Amazingly enough, in the eight years, 189 starts and more than 1,000 innings he’s pitched since that series, Nova never has returned to the postseason.

“That is one of the memories of my career,” he said. “Obviously, you want to win, but I got that opportunity, I got the ball a couple of times. Not a lot of guys can say that.”

Nova, now 33, signed a one-year deal with the Tigers on Jan. 13, getting a base salary of $1.5 million with another $500,000 on the table in incentives. Those incentives are based on the number of start and innings pitched — which is right in Nova’s wheelhouse.

He’s averaged 31 starts and 178 innings the last three seasons, pitching for the Pirates and then the White Sox last season, where he posted an 11-12 record and 4.72 ERA in an American League-high 34 starts. He led the league with 225 hits allowed, but he mitigated the damage by inducing a major-league best 30 double-play balls.

“It’s really good to be here with these young guys,” said Nova, whose lanky, though thicker frame and fresh face belie the years. “Plus I get the opportunity to play hopefully with another Hall-of-Famer in Miggy (Cabrera). I can add him to my collection from the Yankees.”

Nova had plenty of suitors this offseason, but you never know what will sway a player to a certain team. Nine of his 10 big-league seasons he’s spent spring training in Florida — with the Yankees in Tampa and with the Pirates in Bradenton. Last year, with the White Sox, was his first spring in Arizona.

Yankees starting pitcher Ivan Nova walks slowly to the dugout after the first inning, in which he gave up back-to-back home runs to the Tigers' Don Kelly and Delmon Young during Game 5 of the 2011 American League Division Series.

“The one thing I was thinking about was I wanted to stay here in Florida,” he said. “Last year I was in Arizona and my wife was pregnant. That was tough. Now, we are close to home. But, you know, I had options and this is the place I wanted to play.

“I wanted to stay in the Central Division and there are a lot of younger players here, and I know we can do a lot of good things.”

It’s hard to fathom since he's been so durable, but Nova had a string of injury issues early in his career, including rotator cuff strain and, in 2014, Tommy John surgery. But he’s been healthy since 2016.

“You get more mature and you know how to manage yourself better,” he said. “When I was younger, I was more of a thrower than a pitcher. I hit a bump in the road with Tommy John surgery. People say you can come back better from that. Not every does, but thank God I was able to.

“There have been some ups and downs, but that’s the game. You are going to have ups and downs. But I want that ball every five days. I am here to pitch.”

He still has the same repertoire of pitches — four-seam, two-seam, curveball, slider-cutter hybrid and change-up. And from 2011 to 2018, he threw his four-seam fastball consistently between 93 and 94 mph. Last year, for the first time since his surgery, the fastball velocity dipped, to 92-93.

He adjusted by throwing more two-seamers, which resulted in a much higher ground-ball rate, and he reincorporated his slider-cutter.

“I keep throwing what I feel comfortable with that day,” Nova said. “You can never rely on just one pitch because what happens if you don’t have it that day?
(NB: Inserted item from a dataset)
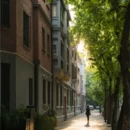 南京旅游 缩略图 6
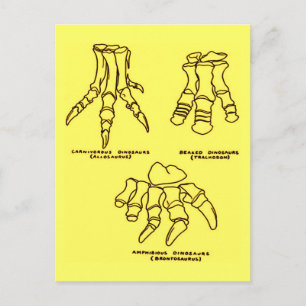 Dinosaur Foot Bones Vykort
What are you going to do? You always want to have your A game, but you have to be able to adjust and find something that will work when you don’t have it.”

Nova understands that in the Tigers’ big picture he’s a placeholder for a quartet of elite prospects who are maybe a season or less away from making a full impact in the big leagues. It’s nothing new to him. He was never a hot-shot prospect. He always has been willing to fight for opportunities.
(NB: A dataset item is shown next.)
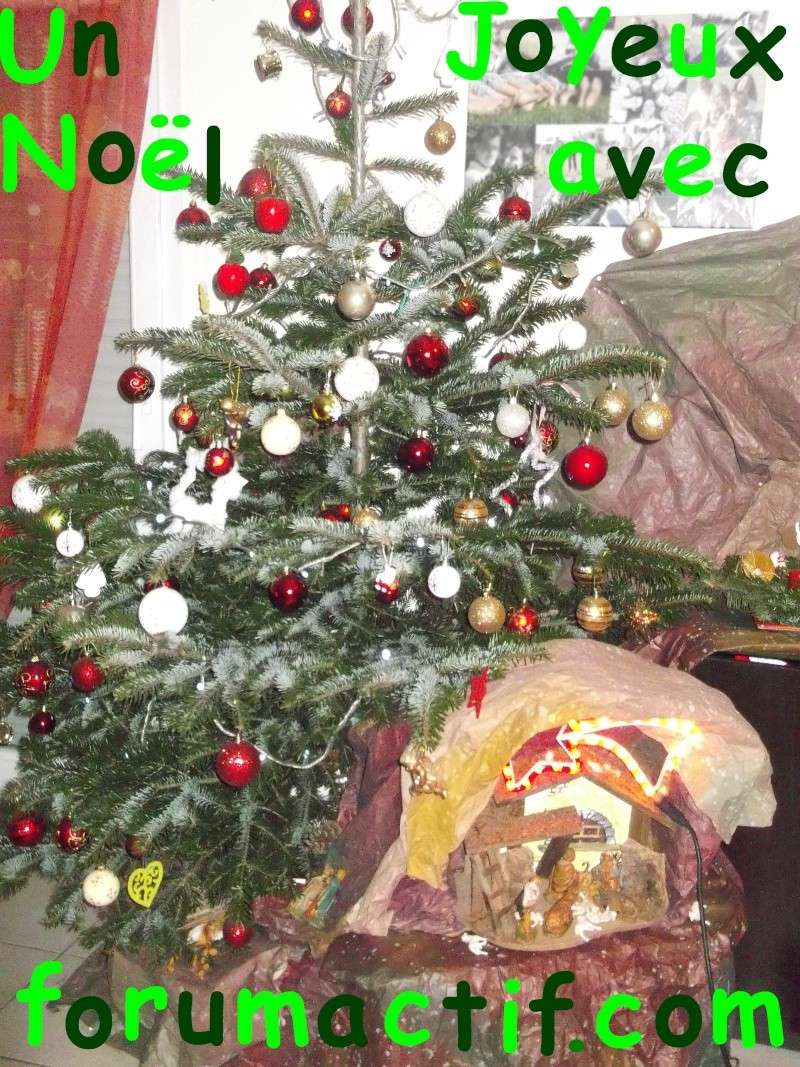 Concours : Le plus beau sapin - Page 2 Sapin_10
“It’s just knowing how to pitch,” he said. “Guys now, all they want to do is throw hard. I know there are guys who throw hard and got all the pitches and the right mechanics to throw hard. But a lot of guys don’t have the mechanics to do that and they just throw hard.

“They don’t take a step back and say, ‘OK, I’ve got to learn how to pitch.’”

Nova wished he could have given his 24-year-old self the same lecture.

“I wish I could reverse the time,” he said. “I wish I had known then what I know now.”